**Assigned task**
The response should consist of the records, reproduced exactly.

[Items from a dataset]
————————

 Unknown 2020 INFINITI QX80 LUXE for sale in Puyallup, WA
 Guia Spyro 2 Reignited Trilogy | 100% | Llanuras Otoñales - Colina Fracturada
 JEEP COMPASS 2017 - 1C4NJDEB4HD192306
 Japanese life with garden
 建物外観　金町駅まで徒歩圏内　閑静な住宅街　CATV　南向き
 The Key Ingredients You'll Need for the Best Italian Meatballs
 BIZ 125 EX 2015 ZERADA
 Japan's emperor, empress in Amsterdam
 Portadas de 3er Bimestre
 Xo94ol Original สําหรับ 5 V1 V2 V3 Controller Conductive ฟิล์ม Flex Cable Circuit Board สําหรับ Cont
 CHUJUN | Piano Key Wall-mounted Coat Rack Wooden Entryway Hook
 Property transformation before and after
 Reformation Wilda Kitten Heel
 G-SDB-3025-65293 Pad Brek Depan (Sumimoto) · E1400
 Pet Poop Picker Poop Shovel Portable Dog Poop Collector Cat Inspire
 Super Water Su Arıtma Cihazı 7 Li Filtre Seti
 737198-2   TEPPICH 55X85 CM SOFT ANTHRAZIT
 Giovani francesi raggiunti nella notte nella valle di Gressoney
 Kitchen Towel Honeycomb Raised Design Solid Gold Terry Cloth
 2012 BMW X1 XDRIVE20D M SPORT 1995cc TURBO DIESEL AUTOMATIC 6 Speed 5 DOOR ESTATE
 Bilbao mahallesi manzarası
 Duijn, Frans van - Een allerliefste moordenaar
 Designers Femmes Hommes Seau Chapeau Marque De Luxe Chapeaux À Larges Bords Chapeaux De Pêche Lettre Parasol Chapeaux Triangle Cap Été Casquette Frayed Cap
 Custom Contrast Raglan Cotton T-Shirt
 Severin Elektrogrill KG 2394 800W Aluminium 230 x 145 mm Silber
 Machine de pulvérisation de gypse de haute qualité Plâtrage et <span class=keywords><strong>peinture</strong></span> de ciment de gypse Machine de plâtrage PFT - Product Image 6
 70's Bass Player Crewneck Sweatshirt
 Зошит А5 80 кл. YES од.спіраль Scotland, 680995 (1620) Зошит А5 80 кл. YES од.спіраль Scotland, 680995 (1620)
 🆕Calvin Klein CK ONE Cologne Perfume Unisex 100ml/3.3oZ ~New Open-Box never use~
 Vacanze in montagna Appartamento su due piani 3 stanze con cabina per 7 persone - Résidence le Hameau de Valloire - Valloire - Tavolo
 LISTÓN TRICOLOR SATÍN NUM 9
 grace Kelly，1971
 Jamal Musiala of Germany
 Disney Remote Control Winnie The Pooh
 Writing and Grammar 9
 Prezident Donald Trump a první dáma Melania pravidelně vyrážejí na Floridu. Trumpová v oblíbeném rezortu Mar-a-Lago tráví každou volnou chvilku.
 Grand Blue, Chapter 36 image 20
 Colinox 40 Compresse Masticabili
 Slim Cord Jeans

————————

**Solution for this exercise**
 Unknown 2020 INFINITI QX80 LUXE for sale in Puyallup, WA
 Guia Spyro 2 Reignited Trilogy | 100% | Llanuras Otoñales - Colina Fracturada
 JEEP COMPASS 2017 - 1C4NJDEB4HD192306
 Japanese life with garden
 建物外観　金町駅まで徒歩圏内　閑静な住宅街　CATV　南向き
 The Key Ingredients You'll Need for the Best Italian Meatballs
 BIZ 125 EX 2015 ZERADA
 Japan's emperor, empress in Amsterdam
 Portadas de 3er Bimestre
 Xo94ol Original สําหรับ 5 V1 V2 V3 Controller Conductive ฟิล์ม Flex Cable Circuit Board สําหรับ Cont
 CHUJUN | Piano Key Wall-mounted Coat Rack Wooden Entryway Hook
 Property transformation before and after
 Reformation Wilda Kitten Heel
 G-SDB-3025-65293 Pad Brek Depan (Sumimoto) · E1400
 Pet Poop Picker Poop Shovel Portable Dog Poop Collector Cat Inspire
 Super Water Su Arıtma Cihazı 7 Li Filtre Seti
 737198-2   TEPPICH 55X85 CM SOFT ANTHRAZIT
 Giovani francesi raggiunti nella notte nella valle di Gressoney
 Kitchen Towel Honeycomb Raised Design Solid Gold Terry Cloth
 2012 BMW X1 XDRIVE20D M SPORT 1995cc TURBO DIESEL AUTOMATIC 6 Speed 5 DOOR ESTATE
 Bilbao mahallesi manzarası
 Duijn, Frans van - Een allerliefste moordenaar
 Designers Femmes Hommes Seau Chapeau Marque De Luxe Chapeaux À Larges Bords Chapeaux De Pêche Lettre Parasol Chapeaux Triangle Cap Été Casquette Frayed Cap
 Custom Contrast Raglan Cotton T-Shirt
 Severin Elektrogrill KG 2394 800W Aluminium 230 x 145 mm Silber
 Machine de pulvérisation de gypse de haute qualité Plâtrage et <span class=keywords><strong>peinture</strong></span> de ciment de gypse Machine de plâtrage PFT - Product Image 6
 70's Bass Player Crewneck Sweatshirt
 Зошит А5 80 кл. YES од.спіраль Scotland, 680995 (1620) Зошит А5 80 кл. YES од.спіраль Scotland, 680995 (1620)
 🆕Calvin Klein CK ONE Cologne Perfume Unisex 100ml/3.3oZ ~New Open-Box never use~
 Vacanze in montagna Appartamento su due piani 3 stanze con cabina per 7 persone - Résidence le Hameau de Valloire - Valloire - Tavolo
 LISTÓN TRICOLOR SATÍN NUM 9
 grace Kelly，1971
 Jamal Musiala of Germany
 Disney Remote Control Winnie The Pooh
 Writing and Grammar 9
 Prezident Donald Trump a první dáma Melania pravidelně vyrážejí na Floridu. Trumpová v oblíbeném rezortu Mar-a-Lago tráví každou volnou chvilku.
 Grand Blue, Chapter 36 image 20
 Colinox 40 Compresse Masticabili
 Slim Cord Jeans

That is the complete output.